→ WORK REQUEST:
Using the listing below, set down exactly the lines from the one that contains "Delectable Christmas Edition" through the one that contains "Abakuhaus Tovaglia Rotonda", with no pictures.

→ STORED DATA:

Start of Block

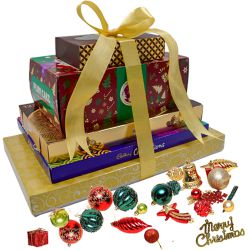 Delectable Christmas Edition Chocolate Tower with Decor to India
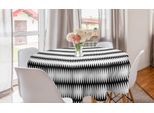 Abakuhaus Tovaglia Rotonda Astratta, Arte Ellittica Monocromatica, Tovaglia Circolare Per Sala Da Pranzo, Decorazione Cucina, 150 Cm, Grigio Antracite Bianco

End of Block
Start of Block

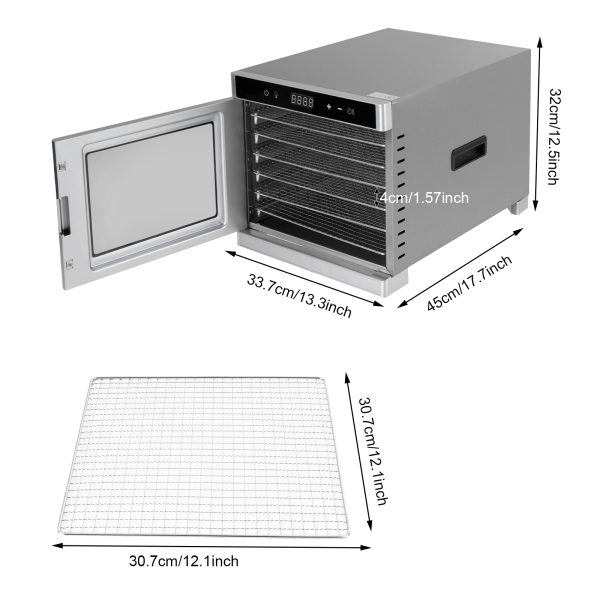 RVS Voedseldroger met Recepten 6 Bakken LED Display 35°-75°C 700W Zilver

End of Block
Start of Block

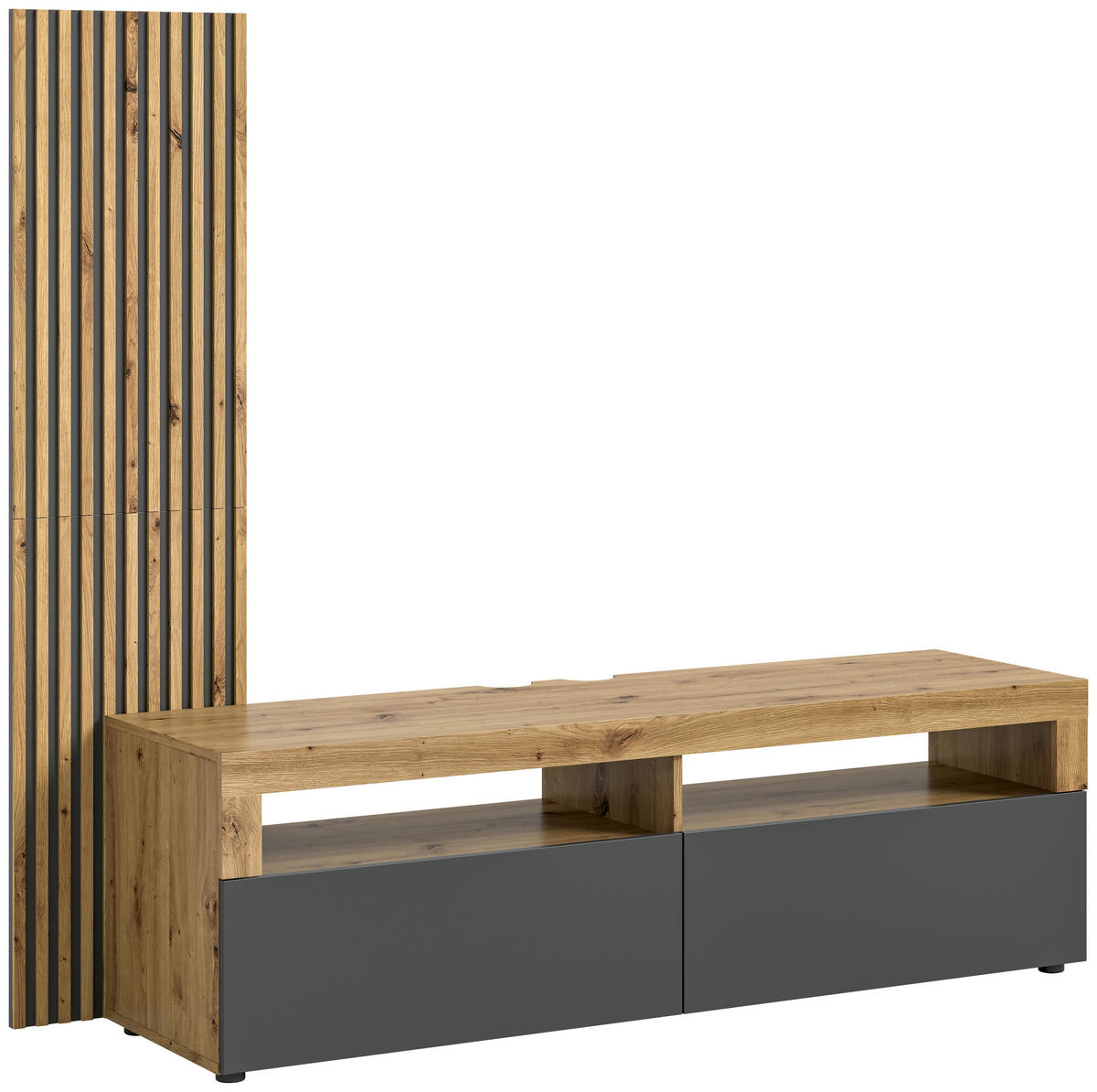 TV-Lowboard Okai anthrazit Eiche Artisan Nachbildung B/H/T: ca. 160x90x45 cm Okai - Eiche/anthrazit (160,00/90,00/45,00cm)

End of Block

→ PROBLEM SOLUTION:
 Delectable Christmas Edition Chocolate Tower with Decor to India
 Abakuhaus Tovaglia Rotonda Astratta, Arte Ellittica Monocromatica, Tovaglia Circolare Per Sala Da Pranzo, Decorazione Cucina, 150 Cm, Grigio Antracite Bianco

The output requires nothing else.